Repeat the entire listing exactly. Omit all pictures.

(Exercise data)

^^^^^^^^

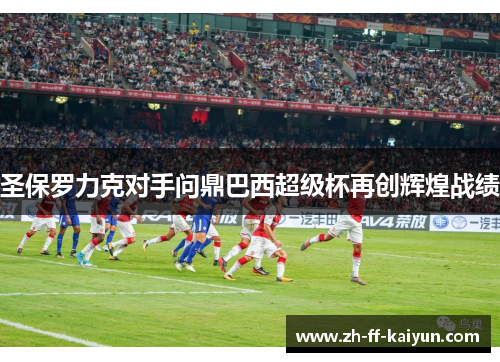 圣保罗力克对手问鼎巴西超级杯再创辉煌战绩 圣保罗力克对手问鼎巴西超级杯再创辉煌战绩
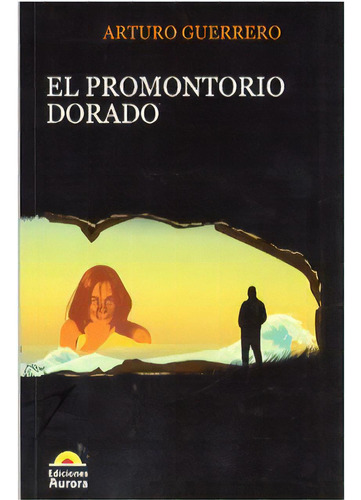 El promontorio dorado: El promontorio dorado, de Arturo Guerrero. Serie 9589136324, vol. 1. Editorial Ediciones Aurora, tapa blanda, edición 2007 en español, 2007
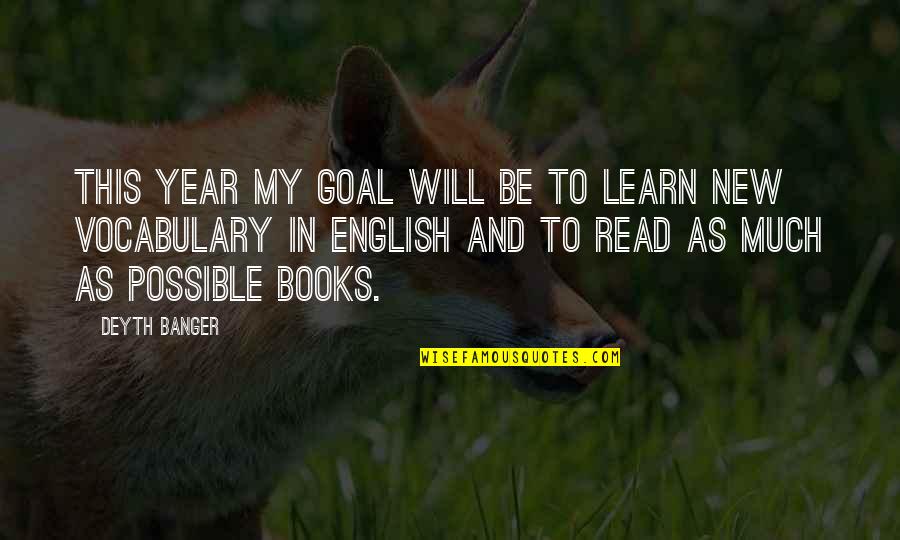 Books To Read Quotes By Deyth Banger: This year my goal will be to learn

^^^^^^^^

(Task result)
 圣保罗力克对手问鼎巴西超级杯再创辉煌战绩 圣保罗力克对手问鼎巴西超级杯再创辉煌战绩
 El promontorio dorado: El promontorio dorado, de Arturo Guerrero. Serie 9589136324, vol. 1. Editorial Ediciones Aurora, tapa blanda, edición 2007 en español, 2007
 Books To Read Quotes By Deyth Banger: This year my goal will be to learn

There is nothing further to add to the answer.